Not so fast. There are other reasons some folks are being told they’ll have to change health plans next year. Many of them are having to switch plans not because of Obamacare but because their insurance companies want to move them into policies with higher profit margins.

Insurance companies have been sending similar notices to their customers for years. My son Alex — and thousands of other customers of a Blue Cross plan in Pennsylvania — got such a notice four years ago, months before Congress passed the health reform law.

Why? The insurer wanted to move those policyholders out of a plan with a reasonable $500 annual deductible and into one with a deductible ten times that amount. To accomplish that, Blue Cross notified its policyholders that their health plan would not be available in 2010. Their options were to switch to the high-deductible policy, which would still cost them a couple of dollars more each month, or to another plan with that reasonable $500 deductible. If they chose the latter, their monthly premiums would increase 65 percent.

Notices like the one Alex got have provided a mechanism for insurers to implement a years-long industry strategy of shifting more and more of the cost of medical care to their policyholders. And that strategy will continue until every last one of us is in a high-deductible plan.

Some of you are likely old enough to remember the days before managed care when almost all Americans with private health insurance were in indemnity plans. In an old-fashioned indemnity plan, the insurer didn’t constrain us in a limited network of doctors and hospitals and didn’t call the shots about whether a knee replacement or liver transplant your doctor recommended was really necessary.

Those days are long gone. Everybody eventually got notices that those plans were being discontinued. They were replaced by HMOs and PPOs with limited provider networks and armies of utilization review nurses and medical directors who decided if you would get coverage for your new knee or new liver.

In most cases, it was our employers who killed off the indemnity plans in favor of managed care. But eventually, HMOs and PPOs also fell out of favor. The managed care backlash of the late 1990s forced insurers to abandon some of their utilization review practices and to add more doctors and hospitals to their skinny networks. That led to shrinking profit margins — and to the latest silver bullet from the insurance industry: high-deductible plans.

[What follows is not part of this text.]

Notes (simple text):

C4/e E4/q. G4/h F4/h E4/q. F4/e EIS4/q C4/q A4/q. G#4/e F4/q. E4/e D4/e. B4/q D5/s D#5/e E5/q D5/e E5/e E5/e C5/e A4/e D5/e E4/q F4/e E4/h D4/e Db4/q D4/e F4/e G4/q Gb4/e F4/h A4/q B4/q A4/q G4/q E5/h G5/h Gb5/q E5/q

Before Obama signed the Affordable Care Act, insurance companies already were making rapid progress in implementing their business plans of “migrating” their customers from traditional managed care plans to so-called “consumer-directed” plans, the industry euphemism for high-deductible policies. At the same time they’ve been requiring us to pay more out of our own pockets for care, they’ve also been implementing a strategy of reducing benefits.  Investors and Wall Street financial analysts refer to these common industry practices as “benefit buydowns.” That’s another euphemism, by the way.

I myself — and thousands of my fellow Cigna employees — were notified several years ago, long before I left my job, that our HMOs and PPOs were being discontinued. Yep, we got notices in the mail. If we wanted to stay in a Cigna-subsidized health plan, we would have to switch to a high-deductible plan. The same thing has happened to tens of millions of other Americans in recent years.

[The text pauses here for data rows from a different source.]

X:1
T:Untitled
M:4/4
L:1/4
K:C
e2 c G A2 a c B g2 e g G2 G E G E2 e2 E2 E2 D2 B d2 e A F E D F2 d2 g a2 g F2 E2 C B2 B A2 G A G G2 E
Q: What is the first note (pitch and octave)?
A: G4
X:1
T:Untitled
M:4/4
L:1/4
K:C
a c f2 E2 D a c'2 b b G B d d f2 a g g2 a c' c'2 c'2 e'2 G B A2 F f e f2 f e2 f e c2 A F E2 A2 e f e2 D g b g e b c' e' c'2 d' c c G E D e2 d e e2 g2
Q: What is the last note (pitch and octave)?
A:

Yet if you relied on the Washington media for your news and information about health care, you’d think that insurance companies would never have considered sending policy discontinuation notices to their policyholders until forced to do so by Obamacare.

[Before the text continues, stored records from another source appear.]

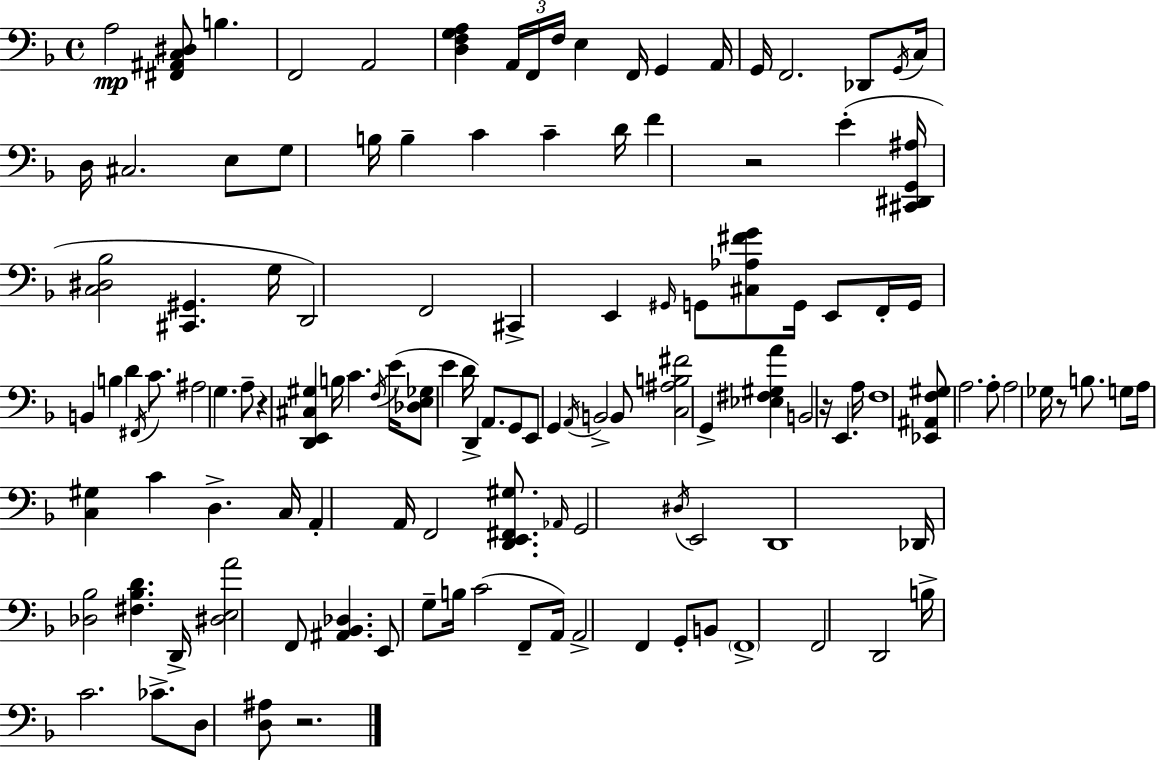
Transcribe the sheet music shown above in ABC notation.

X:1
T:Untitled
M:4/4
L:1/4
K:Dm
A,2 [^F,,^A,,C,^D,]/2 B, F,,2 A,,2 [D,F,G,A,] A,,/4 F,,/4 F,/4 E, F,,/4 G,, A,,/4 G,,/4 F,,2 _D,,/2 G,,/4 C,/4 D,/4 ^C,2 E,/2 G,/2 B,/4 B, C C D/4 F z2 E [^C,,^D,,G,,^A,]/4 [C,^D,_B,]2 [^C,,^G,,] G,/4 D,,2 F,,2 ^C,, E,, ^G,,/4 G,,/2 [^C,_A,^FG]/2 G,,/4 E,,/2 F,,/4 G,,/4 B,, B, D ^F,,/4 C/2 ^A,2 G, A,/2 z [D,,E,,^C,^G,] B,/4 C F,/4 E/4 [_D,E,_G,]/2 E D/4 D,, A,,/2 G,,/2 E,,/2 G,, A,,/4 B,,2 B,,/2 [C,^A,B,^F]2 G,, [_E,^F,^G,A] B,,2 z/4 E,, A,/4 F,4 [_E,,^A,,F,^G,]/2 A,2 A,/2 A,2 _G,/4 z/2 B,/2 G,/2 A,/4 [C,^G,] C D, C,/4 A,, A,,/4 F,,2 [D,,E,,^F,,^G,]/2 _A,,/4 G,,2 ^D,/4 E,,2 D,,4 _D,,/4 [_D,_B,]2 [^F,_B,D] D,,/4 [^D,E,A]2 F,,/2 [^A,,_B,,_D,] E,,/2 G,/2 B,/4 C2 F,,/2 A,,/4 A,,2 F,, G,,/2 B,,/2 F,,4 F,,2 D,,2 B,/4 C2 _C/2 D,/2 [D,^A,]/2 z2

The truth: they have always done this when profits were at stake.

Which is why some insurers will be happy as clams to be able to keep their policyholders in plans that don’t meet the ACA’s standards. Many of those plans — especially the junk insurance plans many folks are in — are exceedingly profitable.

For people who are in those plans who have complained about their discontinuation notices, I hope they will shop around. Chances are, they’ll be able to get much better coverage at a better price. Thanks to the Affordable Care Act.

 

By: Wendell Potter, The Center for Public Integrity, November 18, 2013

November 20, 2013 Posted by | Affordable Care Act, Health Insurance Companies | , , , , , , , | 3 Comments

“Things Are Neither Perfect Nor Disastrous”: Obamacare Panic To Enter Even Stupider New Phase

No, Democrats are not abandoning it en masse, and no, it isn’t going to be repealed.

I want to follow up on what I wrote Friday about those who are deciding that because of a) web site problems and b) the largely manufactured controversy over people who have one private insurance plan but now face the unfathomable horror of moving to a different private insurance plan, the Affordable Care Act is an unrecoverable disaster that has destroyed Barack Obama’s second term. I’m sensing that this is about to move into a new phase of inane speculation that we should think about before it starts.

I’ll just use one article as an example. This morning, under the headline “Why Obamacare Is On Life Support,” Josh Kraushaar of the National Journal all but declares that the law is about to be repealed. “Unless the HealthCare.gov website miraculously gets fixed by next month,” he writes, “there’s a growing likelihood that over time, enough Democrats may join Republicans to decide to start over and scrap the whole complex health care enterprise.” That’s so blindingly stupid I’m almost not sure where to start, but let’s give it is a shot. First, would it really be “miraculous” if Healthcare.gov got fixed by next month? It’s a website. Yes, a complicated one, and yes, one that had many problems. But it isn’t as though those problems are somehow beyond the ken of human ingenuity to solve, requiring heavenly intervention. The administration isn’t trying to achieve faster-than-light transport or make us all immortal. It’s a website. It may not be perfect, but it’ll work.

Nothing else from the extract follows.